Getting your Trinity Audio player ready...
|
The European Union voted to put more sanctions on Russian oil but it exempts oil that is delivered through pipelines, which is one third of all oil. The sanctions only apply to oil delivered by sea but the EU says it will ramp up sanctions to cover 90% of all Russian-imported oil by the end of the year.
The EU says that they are doing this to cut off funding to Russia’s war efforts. But the Russian economy has not felt the economic pain of this squeeze. Europe has. Inflation in Germany is reaching a 50-year high. France and Spain, same story.

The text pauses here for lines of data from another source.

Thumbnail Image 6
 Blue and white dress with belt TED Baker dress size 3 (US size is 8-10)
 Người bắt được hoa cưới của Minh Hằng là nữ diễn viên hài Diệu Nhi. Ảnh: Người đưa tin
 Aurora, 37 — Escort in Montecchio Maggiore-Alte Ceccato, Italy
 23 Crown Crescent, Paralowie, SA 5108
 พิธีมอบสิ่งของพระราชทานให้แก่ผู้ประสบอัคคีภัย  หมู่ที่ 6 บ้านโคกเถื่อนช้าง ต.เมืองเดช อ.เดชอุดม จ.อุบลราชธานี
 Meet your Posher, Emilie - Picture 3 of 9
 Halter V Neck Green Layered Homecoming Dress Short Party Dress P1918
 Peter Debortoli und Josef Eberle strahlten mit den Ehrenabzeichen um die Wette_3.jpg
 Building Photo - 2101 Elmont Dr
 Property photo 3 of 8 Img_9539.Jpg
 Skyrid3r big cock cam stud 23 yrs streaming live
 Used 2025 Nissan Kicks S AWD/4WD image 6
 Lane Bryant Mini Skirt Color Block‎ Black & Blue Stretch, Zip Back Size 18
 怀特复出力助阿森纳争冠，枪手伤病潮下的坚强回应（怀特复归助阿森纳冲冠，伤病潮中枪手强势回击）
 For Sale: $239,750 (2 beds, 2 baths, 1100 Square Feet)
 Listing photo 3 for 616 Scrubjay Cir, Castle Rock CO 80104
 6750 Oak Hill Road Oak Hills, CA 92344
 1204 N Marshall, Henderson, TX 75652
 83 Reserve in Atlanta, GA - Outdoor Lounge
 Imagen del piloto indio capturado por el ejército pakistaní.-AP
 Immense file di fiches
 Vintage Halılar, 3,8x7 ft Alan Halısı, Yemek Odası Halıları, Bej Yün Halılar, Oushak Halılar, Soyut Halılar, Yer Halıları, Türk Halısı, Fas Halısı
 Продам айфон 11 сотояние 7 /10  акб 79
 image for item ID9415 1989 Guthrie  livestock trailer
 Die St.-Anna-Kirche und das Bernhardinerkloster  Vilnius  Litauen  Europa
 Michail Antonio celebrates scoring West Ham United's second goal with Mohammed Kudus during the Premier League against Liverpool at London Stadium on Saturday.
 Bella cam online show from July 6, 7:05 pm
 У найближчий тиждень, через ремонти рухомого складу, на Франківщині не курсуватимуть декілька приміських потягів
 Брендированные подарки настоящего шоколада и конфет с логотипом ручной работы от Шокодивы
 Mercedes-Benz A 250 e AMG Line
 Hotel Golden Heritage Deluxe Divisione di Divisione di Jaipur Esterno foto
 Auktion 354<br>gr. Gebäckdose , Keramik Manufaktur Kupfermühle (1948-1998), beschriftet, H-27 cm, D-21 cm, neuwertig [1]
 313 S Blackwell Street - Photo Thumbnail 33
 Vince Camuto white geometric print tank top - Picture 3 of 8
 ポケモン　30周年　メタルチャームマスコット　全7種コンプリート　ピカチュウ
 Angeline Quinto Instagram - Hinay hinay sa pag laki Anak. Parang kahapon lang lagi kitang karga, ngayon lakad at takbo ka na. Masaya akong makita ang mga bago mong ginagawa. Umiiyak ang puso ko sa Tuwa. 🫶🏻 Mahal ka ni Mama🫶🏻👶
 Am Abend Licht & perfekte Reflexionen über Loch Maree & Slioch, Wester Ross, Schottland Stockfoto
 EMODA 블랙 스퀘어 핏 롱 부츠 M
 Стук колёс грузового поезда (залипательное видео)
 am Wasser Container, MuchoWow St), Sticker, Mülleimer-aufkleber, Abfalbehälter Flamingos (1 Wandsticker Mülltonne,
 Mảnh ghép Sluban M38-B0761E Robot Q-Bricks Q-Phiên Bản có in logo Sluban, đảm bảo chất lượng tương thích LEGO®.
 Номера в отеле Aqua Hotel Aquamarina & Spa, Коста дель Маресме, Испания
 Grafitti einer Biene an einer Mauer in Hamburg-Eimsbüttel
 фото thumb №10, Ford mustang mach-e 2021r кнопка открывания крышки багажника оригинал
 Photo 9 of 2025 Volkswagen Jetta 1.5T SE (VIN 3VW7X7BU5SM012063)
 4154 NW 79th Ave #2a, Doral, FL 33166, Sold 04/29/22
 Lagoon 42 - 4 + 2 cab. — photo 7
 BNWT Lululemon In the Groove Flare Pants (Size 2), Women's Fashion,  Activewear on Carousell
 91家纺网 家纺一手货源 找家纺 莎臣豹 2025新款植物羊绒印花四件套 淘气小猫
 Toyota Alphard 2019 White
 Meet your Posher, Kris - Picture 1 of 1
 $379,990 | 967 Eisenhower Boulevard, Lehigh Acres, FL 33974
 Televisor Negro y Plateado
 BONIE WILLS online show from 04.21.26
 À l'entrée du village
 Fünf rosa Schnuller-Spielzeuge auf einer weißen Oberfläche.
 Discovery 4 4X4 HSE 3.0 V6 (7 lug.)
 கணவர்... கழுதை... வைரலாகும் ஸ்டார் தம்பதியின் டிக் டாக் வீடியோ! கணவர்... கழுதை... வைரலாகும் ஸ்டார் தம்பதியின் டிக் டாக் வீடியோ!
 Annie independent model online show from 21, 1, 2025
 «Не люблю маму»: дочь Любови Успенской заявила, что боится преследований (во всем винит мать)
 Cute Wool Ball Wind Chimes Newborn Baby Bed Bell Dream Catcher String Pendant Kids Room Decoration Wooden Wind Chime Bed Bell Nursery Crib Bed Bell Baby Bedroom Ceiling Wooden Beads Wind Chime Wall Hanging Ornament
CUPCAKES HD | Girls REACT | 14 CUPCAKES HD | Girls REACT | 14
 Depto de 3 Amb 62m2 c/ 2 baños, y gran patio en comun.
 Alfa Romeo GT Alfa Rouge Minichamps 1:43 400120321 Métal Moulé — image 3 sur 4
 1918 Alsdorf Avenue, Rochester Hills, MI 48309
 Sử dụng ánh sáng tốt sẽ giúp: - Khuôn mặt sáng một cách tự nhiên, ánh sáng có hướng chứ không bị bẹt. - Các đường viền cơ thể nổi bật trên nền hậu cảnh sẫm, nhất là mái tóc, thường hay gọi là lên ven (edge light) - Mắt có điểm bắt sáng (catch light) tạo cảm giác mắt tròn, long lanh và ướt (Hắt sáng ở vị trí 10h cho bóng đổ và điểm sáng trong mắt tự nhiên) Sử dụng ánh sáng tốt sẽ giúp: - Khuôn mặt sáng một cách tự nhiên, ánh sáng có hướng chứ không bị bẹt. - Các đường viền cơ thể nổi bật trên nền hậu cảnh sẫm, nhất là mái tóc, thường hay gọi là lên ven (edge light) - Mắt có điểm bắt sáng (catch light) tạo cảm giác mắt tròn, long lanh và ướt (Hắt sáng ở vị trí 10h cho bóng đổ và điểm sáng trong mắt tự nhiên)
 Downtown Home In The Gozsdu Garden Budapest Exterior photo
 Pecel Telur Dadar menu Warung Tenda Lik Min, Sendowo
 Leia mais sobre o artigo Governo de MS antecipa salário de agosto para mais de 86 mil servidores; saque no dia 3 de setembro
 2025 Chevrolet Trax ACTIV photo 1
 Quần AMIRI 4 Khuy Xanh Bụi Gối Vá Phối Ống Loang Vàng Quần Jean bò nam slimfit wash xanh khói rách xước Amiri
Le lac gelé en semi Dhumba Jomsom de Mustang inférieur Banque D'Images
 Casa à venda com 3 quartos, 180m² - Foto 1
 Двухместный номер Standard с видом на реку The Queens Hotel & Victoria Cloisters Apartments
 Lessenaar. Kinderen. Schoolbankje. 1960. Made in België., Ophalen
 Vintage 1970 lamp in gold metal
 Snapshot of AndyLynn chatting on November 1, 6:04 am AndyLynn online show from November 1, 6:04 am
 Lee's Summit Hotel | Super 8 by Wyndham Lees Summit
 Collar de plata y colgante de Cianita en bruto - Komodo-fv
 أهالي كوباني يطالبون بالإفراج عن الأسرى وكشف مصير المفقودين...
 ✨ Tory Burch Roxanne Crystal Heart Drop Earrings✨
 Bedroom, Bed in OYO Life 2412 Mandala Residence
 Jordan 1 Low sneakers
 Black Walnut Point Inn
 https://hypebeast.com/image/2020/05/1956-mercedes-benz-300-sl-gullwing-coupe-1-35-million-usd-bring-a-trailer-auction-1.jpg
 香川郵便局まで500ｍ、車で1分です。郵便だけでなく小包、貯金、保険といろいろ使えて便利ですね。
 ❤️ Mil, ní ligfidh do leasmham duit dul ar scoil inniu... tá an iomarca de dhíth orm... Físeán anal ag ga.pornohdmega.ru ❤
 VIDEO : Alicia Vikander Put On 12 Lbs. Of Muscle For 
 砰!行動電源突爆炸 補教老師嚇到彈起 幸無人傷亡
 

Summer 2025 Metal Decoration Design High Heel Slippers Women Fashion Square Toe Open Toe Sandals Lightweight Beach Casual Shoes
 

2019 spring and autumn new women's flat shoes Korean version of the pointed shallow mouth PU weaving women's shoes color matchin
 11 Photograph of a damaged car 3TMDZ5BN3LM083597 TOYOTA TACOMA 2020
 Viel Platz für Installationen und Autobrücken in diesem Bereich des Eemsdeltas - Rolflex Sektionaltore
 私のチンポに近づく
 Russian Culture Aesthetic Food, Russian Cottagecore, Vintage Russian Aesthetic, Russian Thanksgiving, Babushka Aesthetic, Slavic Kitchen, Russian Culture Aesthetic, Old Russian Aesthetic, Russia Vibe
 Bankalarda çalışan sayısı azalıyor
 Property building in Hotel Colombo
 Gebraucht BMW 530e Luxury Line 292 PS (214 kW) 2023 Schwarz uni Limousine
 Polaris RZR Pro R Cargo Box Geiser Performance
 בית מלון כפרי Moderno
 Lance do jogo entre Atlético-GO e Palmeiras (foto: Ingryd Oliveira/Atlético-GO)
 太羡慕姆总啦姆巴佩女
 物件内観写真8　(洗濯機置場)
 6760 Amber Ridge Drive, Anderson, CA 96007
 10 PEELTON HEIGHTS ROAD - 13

This messaging is off, right? The West is told that consumer prices will be higher because of sanctions that must be done to harm Russia. But it is not harming Russia. It is harming the West. What are we missing?
Not all EU member nations are happy about this new sanction plan. Hungary’s President Orban vowed to stay out of this conflict when he was re-elected and now says he may not join this sanction plan.
The E.U. also pledged 9 billion Euros in loans and grants to Ukraine.
Meanwhile, President Biden said on Monday that the U.S. is not planning to send long-range missiles to Ukraine, which would give them the ability to attack Russia. Russia’s Security Council approved of that plan with a veiled threat of what would happen if the U.S. did do that.
Dmitry Medvedev said: “If our cities come under attack, the Russian armed forces would fulfill (their) threat and strike the centers where such criminal decisions are made. Some of them aren’t in Kyiv.”